Mit einem Putztuch hat alles begonnen. Es besteht aus Micro-Fasern und kostet 24 Franken. Das Putztuch stammt von der Firma Fun2Clean. Sie schickte es im Februar 2005 an Joe Bissig. Doch Bissig wollte es nicht bezahlen. «Dieses Putztuch habe ich nicht bestellt, da bin ich ganz sicher», sagt Bissig.
Rechnung um Rechnung
Die Versandfirma Fun2Clean verkauft ihre Ware per Telefon. Gemäss Fun2Clean wurde das Bodentuch bei ihnen «telefonisch bestellt». Beweisen kann die Versandfirma dies jedoch nicht. Bissig: «Wir wollten es nicht zurückschicken, weil uns das Geld kostet. Also haben wir es in einer Schublade deponiert.» Fun2Clean verschickt nun Rechnung um Rechnung – eineinhalb Jahre lang. Dann folgten Mahnungen, etwa neun Stück. «Die haben wir dann einfach alle in die Schublade zum Bodentuch gelegt», sagt Bissig.
Auf die Briefe reagiert Bissig nicht. Er hat ja nichts bestellt. Dann übergibt Fun2Clean die Forderung dem Inkassobüro Justitia Inkasso. Dieses treibt Geld ein für andere. Justitia Inkasso gehört zu Intrum Justitia. Jetzt bombardieren die Geldeintreiber Joe Bissig mit Mahnungen. Ein Jahr lang. Brief um Brief um Brief.
Rätselhafter Verzugsschaden
Das Inkassobüro ist berüchtigt. Es schlägt viel zu hohe Spesen auf Rechnungen: Zinsen, einen rätselhaften Verzugsschaden, seltsame Rechtsberater-Kosten. Das Putztuch kostet so im Nu 85 statt 24 Franken.

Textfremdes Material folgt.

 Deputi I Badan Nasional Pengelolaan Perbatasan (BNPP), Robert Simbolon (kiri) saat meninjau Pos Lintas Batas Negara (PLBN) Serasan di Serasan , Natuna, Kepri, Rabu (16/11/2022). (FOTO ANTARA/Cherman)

Seit Jahren berichtet «Kassensturz» über aggressive Methoden und haarsträubende Fehler der Geldeintreiber von Intrum Justitia. Schon 1992 wurde Intrum-Chef Benno Oertig zum ersten Mal im «Kassensturz» kritisiert. Heute, 16 Jahre später, ist Benno Oertig noch immer der Chef von Intrum. Noch immer werden Leute zu unrecht in Sünderdatenbanken registriert. Noch immer verrechnet Intrum Gebühren jenseits von Gut und Böse und schlägt schnell ein paar Hundert Franken auf Rechnungen. Begründet mit einem fadenscheinigen Hinweis aufs Obligationenrecht.

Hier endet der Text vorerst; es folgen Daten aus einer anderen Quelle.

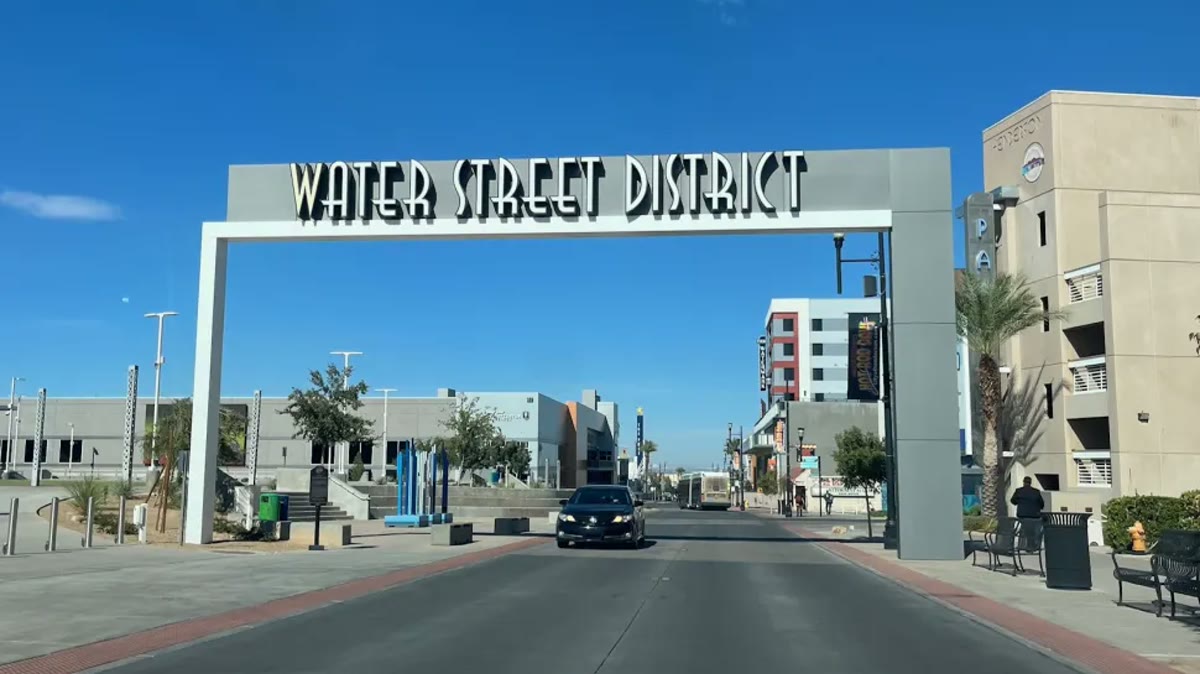 Arco de entrada al Water Street District en Henderson, Nevada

Image-Pflege auf dem Rasen
Und noch immer droht Intrum Justitia Konsumenten mit bösartigen Briefen. Nur etwas hat sich geändert: Intrum-Chef Benno Oertig gibt viel Geld aus für ein besseres Image. Zum Beispiel sponsern die Geldeintreiber die Young Boys. Die Berner Fussballer sind auf Meisterkurs. Intrum will vom positiven Image profitieren und druckt ihre Werbung auf die Hosen der Kickers. Den gängigen Slogan aus dem Sport «fair play» verdreht Intrum in eigener Sache zu «fair pay». Die Image-Korrektur erfolgt auch mit einer Schüler-Kampagne zur Jugend-Verschuldung. Ausgerechnet der Konzern, der mit Schulden Geschäfte macht, will Jugendlichen zeigen, wie sie Schulden vermeiden – das wirkt scheinheilig.
Intrum Justitia verteidigt sich: «Unser Handeln ist von ethischen Richtlinien geprägt. Unsere moderne Wirtschaft funktioniert auf Kreditbasis. Wird das Zahlungsversprechen gebrochen, wird das System empfindlich gestört. Der Umgang mit Schuldnern ist nicht immer eine einfache Kundenbeziehung. Fairness und Respekt messen wir einen hohen Stellenwert zu.»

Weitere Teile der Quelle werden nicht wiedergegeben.